O feminismo camponês e popular continua sendo um grande desafio. Falamos sobre a possibilidade de integração mais a partir do campo, porque, nas cidades, companheiras às vezes têm mais facilidades e mais possibilidades, talvez por causa do vínculo com algumas instituições. Para nós, no campo, é mais complexo.

As capacitações, as escolas de formação, os instrumentos que construímos juntos, ou seja, as cartilhas, os documentos, os posicionamentos, as ações de incidência, alcançar tudo isso nos custou muito. Não podemos dizer que temos um processo concluído, porque a cada dia aparecem diferentes elementos para trabalhar, como aconteceu com a covid-19, por exemplo. Nós mulheres temos sido as mais atingidas, por causa do papel que temos tido que desempenhar dentro das famílias. No confinamento e no cuidado da família, a mulher tem que estar lá, como a cabeça desses processos. Seguimos fortalecendo a ideia de que se trata de uma questão de igualdade, uma questão de partilha.

O feminismo camponês e popular nos ajudou a compreender que, dentro das estruturas de participação e coordenação, dentro dos contextos que se apresentam – além da covid-19, há guerras e criminalização – podemos estar lá com as posições, as discussões, as vozes que são parte dos processos nos quais temos trabalhado. Vou te dar um exemplo do meu país: a primeira lei de distribuição de terra foi criada em 1951, e foi uma distribuição para os homens, nós não estávamos incluídas. Mas nós nos empoderamos e, dentro dessa mesma lei, conseguimos criar uma resolução em que somos consideradas e na qual a terra é um bem familiar. O mesmo acontece com as mulheres indígenas, em uma situação de marginalidade nos seus territórios, e também as companheiras negras, como nós, que vivemos o tema do racismo, e também as pessoas trans. 

O feminismo camponês e popular tem sido uma construção coletiva das companheiras. E isso acontece com a participação dos companheiros, porque temos estruturas políticas nas quais isso tem sido uma discussão, uma definição com os argumentos e propostas apresentados pelas companheiras, e que hoje continuam sendo nossos pilares e bandeiras de luta em cada um dos nossos territórios.

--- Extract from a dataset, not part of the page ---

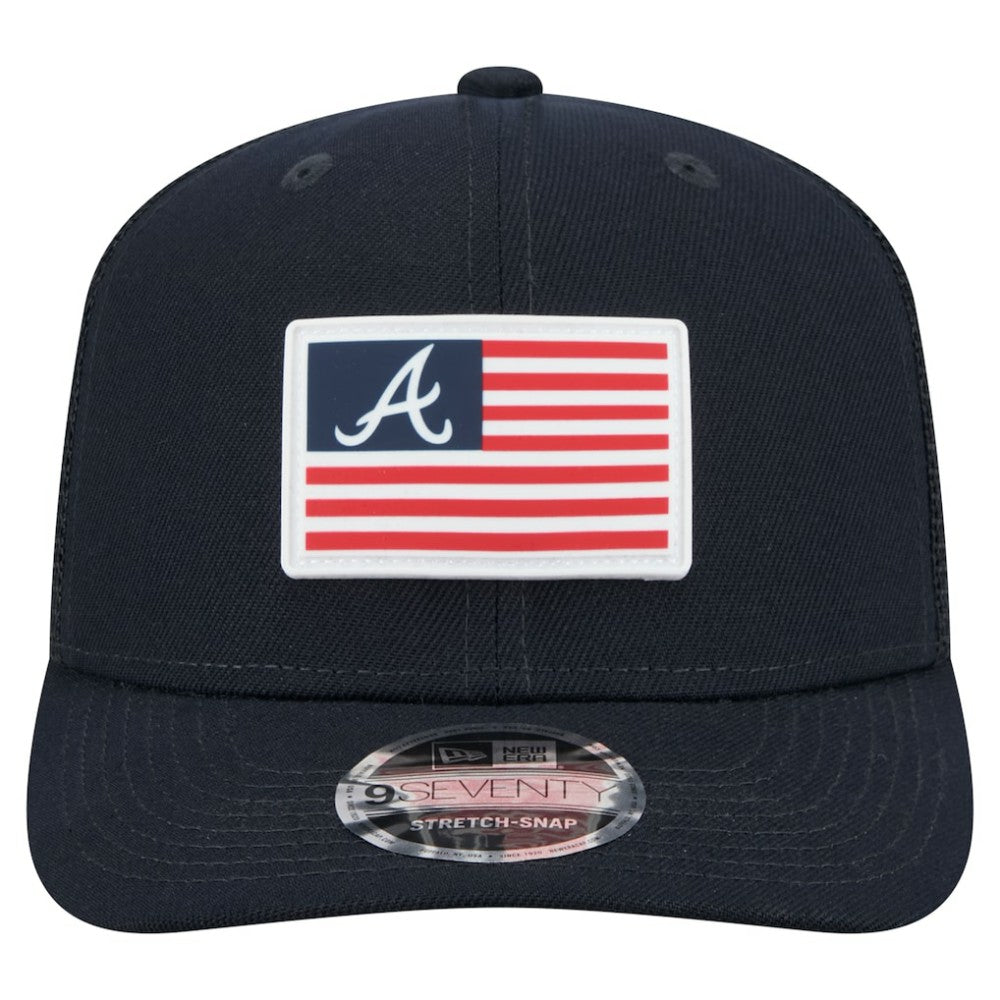 Atlanta Braves Flag 9SEVENTY Stretch-Snap Hat Navy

Seguimos construindo temas como o cuidado, a visibilidade do trabalho doméstico, a defesa da terra e dos recursos, que levaram companheiras a perder a vida, como Berta Cáceres e outras.

Nós dizemos que não podemos andar só. Como é possível que tenhamos conquistado alguns direitos dos camponeses e camponesas atualmente? Isso só aconteceu por essa articulação. Saber defender, nos nossos países e territórios, a soberania alimentar como o direito à produção, a recuperação das nossas terras, a defesa da nossa água, a incorporação das nossas sementes nativas, são elementos que fomos aprendendo. Isso acontece com a troca de experiências, para ter uma visão clara sobre a nossa participação, a participação das mulheres, nos nossos espaços, com nossos valores, com o resgate da nossa história, a nossa reorganização e os conhecimentos que colocamos em prática nas nossas culturas.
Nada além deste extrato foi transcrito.